- TASK INPUT -
Content starts
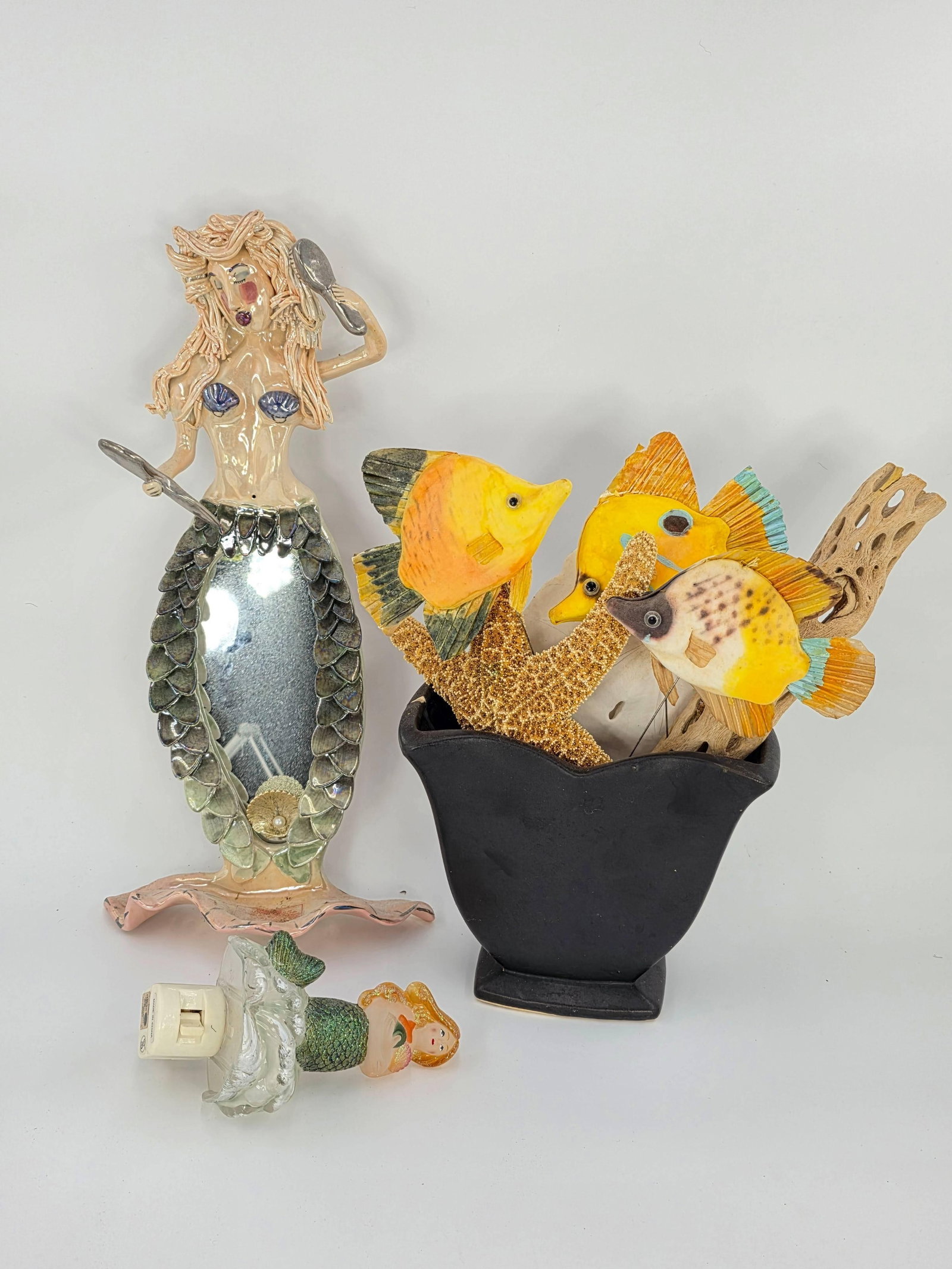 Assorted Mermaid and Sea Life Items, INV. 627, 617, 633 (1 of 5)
Content ends
Content starts
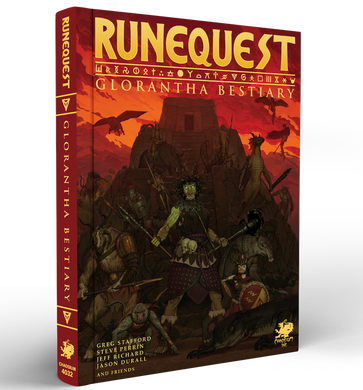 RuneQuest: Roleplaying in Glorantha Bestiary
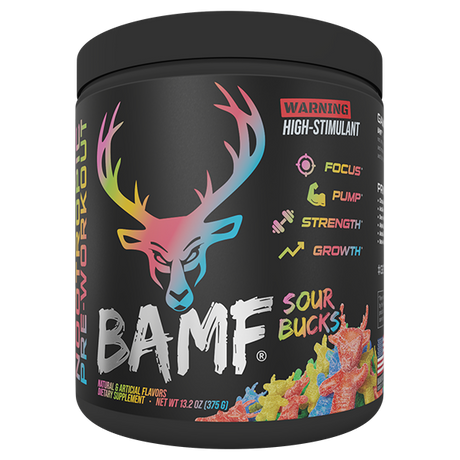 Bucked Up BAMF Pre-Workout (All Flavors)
Content ends
Content starts
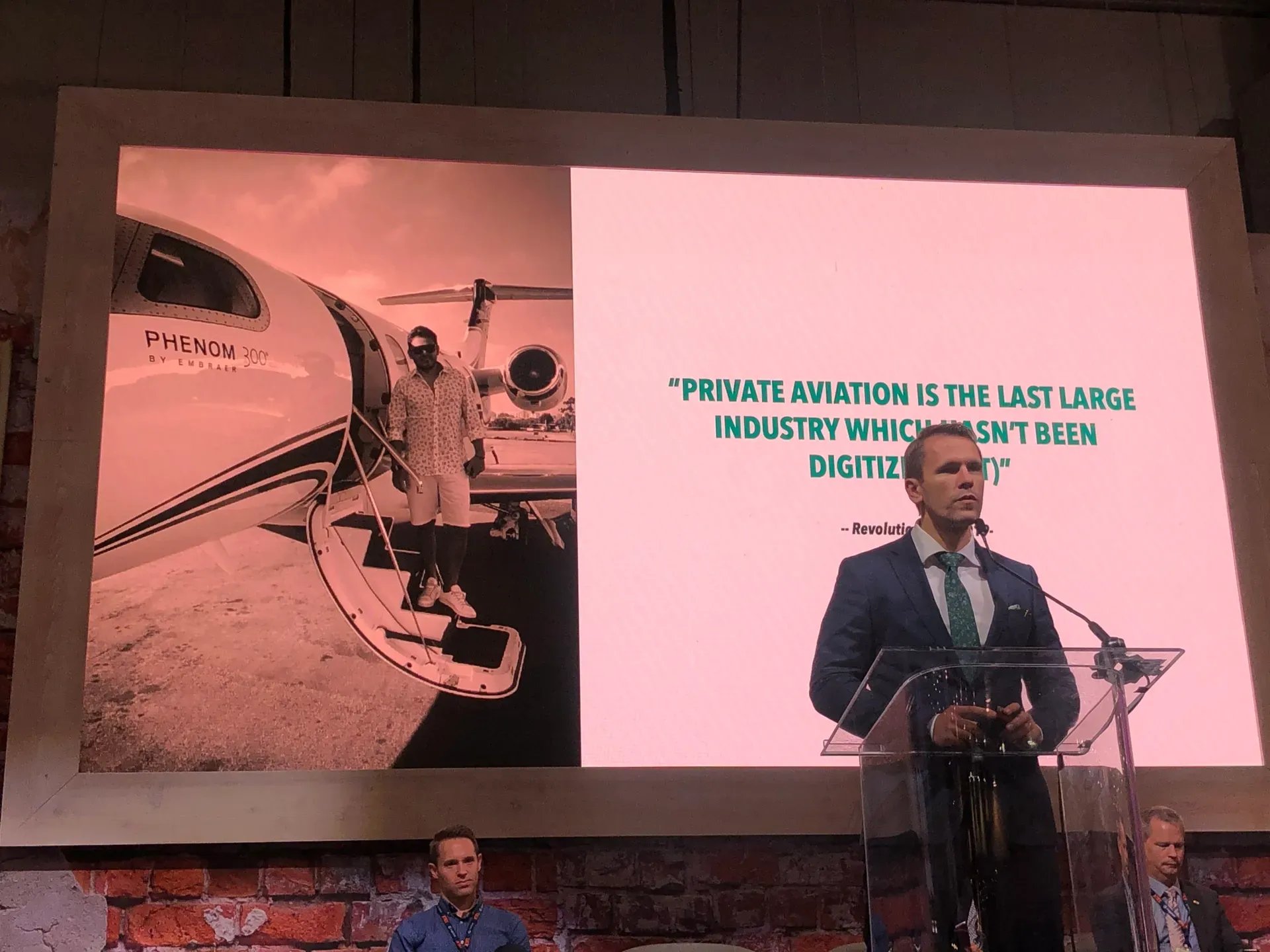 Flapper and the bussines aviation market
Content ends
- ABOUT THIS TASK -
Within the material above, find the part that opens with the line containing "RuneQuest: Roleplaying in Glorantha Bestiary" and closes with the line containing "Bucked Up BAMF Pre-Workout (All Flavors)", and reproduce it exactly without the pictures.

- PROBLEM SOLUTION -
 RuneQuest: Roleplaying in Glorantha Bestiary
 Bucked Up BAMF Pre-Workout (All Flavors)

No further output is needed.